Only the pictures are to be omitted; everything else in the listing must be reproduced exactly.

== Segment start ==

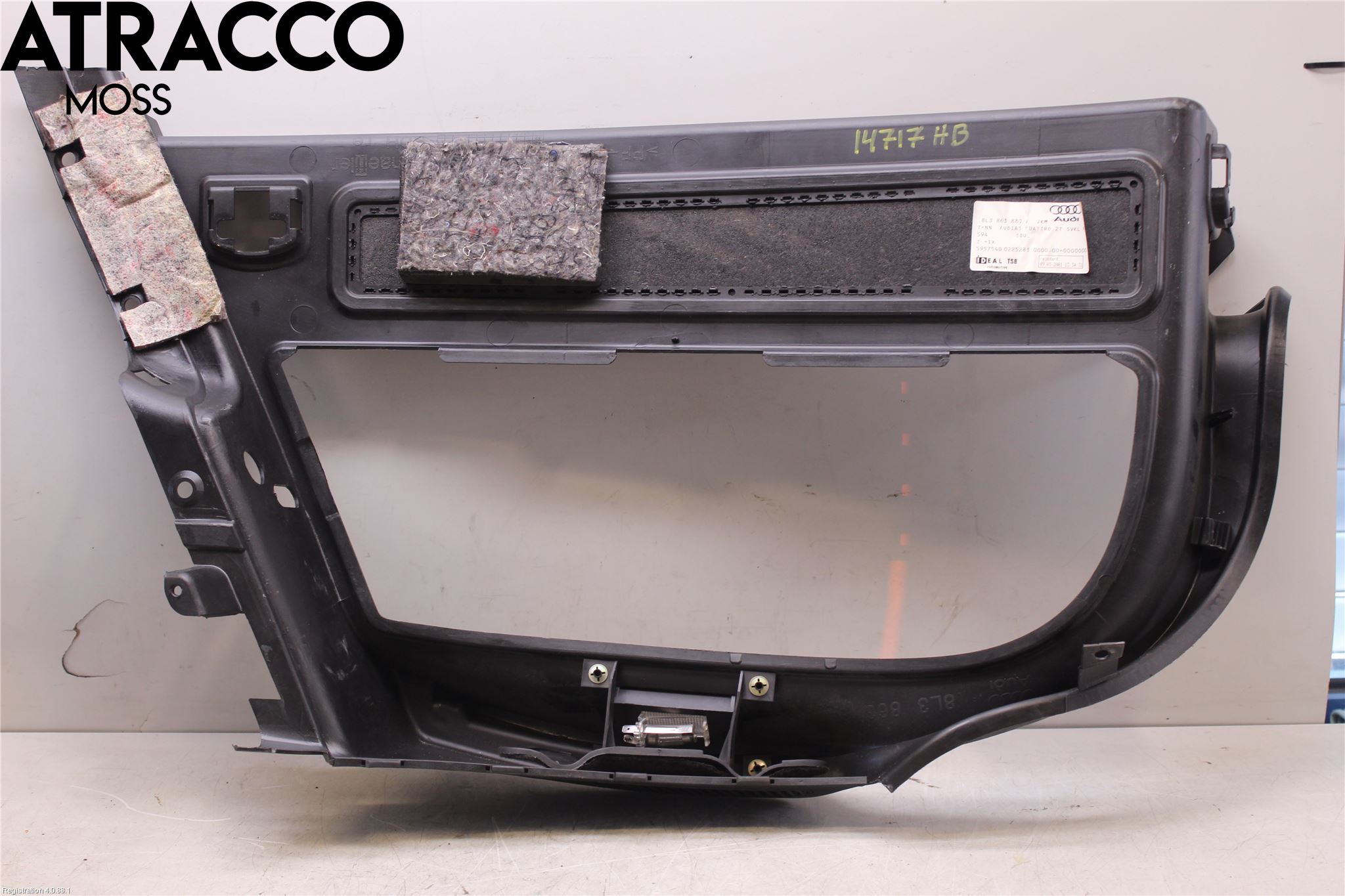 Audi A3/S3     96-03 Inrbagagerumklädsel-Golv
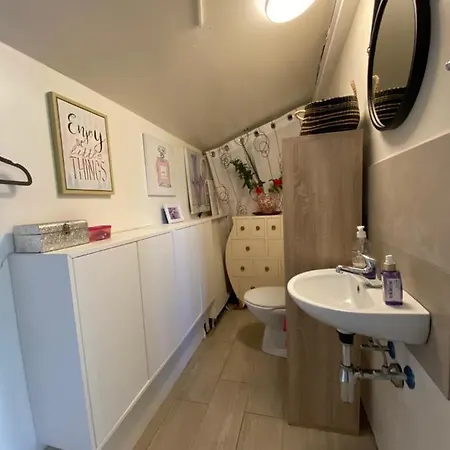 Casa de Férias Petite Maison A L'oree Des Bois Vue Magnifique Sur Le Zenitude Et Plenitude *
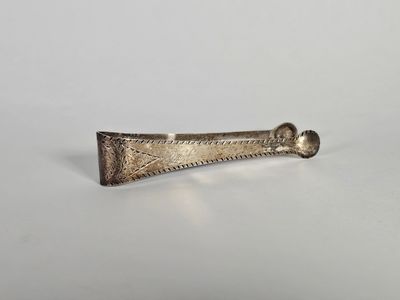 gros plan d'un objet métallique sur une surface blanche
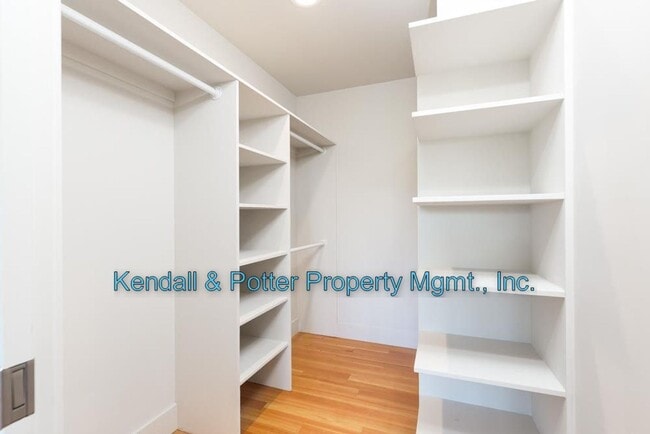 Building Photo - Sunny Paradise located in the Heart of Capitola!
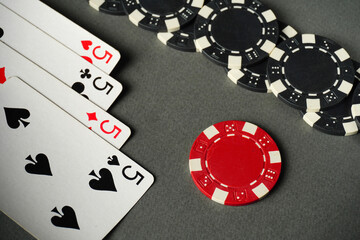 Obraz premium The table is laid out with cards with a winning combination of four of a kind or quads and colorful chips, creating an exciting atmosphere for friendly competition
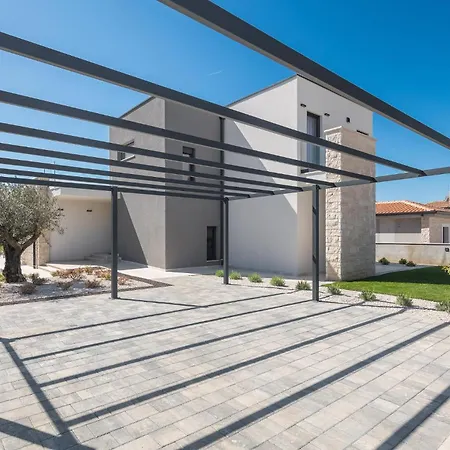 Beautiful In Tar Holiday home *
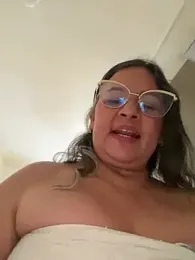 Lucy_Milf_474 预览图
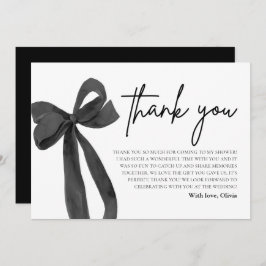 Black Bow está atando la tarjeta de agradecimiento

== Segment end ==

## ANSWER BOX
 Audi A3/S3     96-03 Inrbagagerumklädsel-Golv
 Casa de Férias Petite Maison A L'oree Des Bois Vue Magnifique Sur Le Zenitude Et Plenitude *
 gros plan d'un objet métallique sur une surface blanche
 Building Photo - Sunny Paradise located in the Heart of Capitola!
 Obraz premium The table is laid out with cards with a winning combination of four of a kind or quads and colorful chips, creating an exciting atmosphere for friendly competition
 Beautiful In Tar Holiday home *
 Lucy_Milf_474 预览图
 Black Bow está atando la tarjeta de agradecimiento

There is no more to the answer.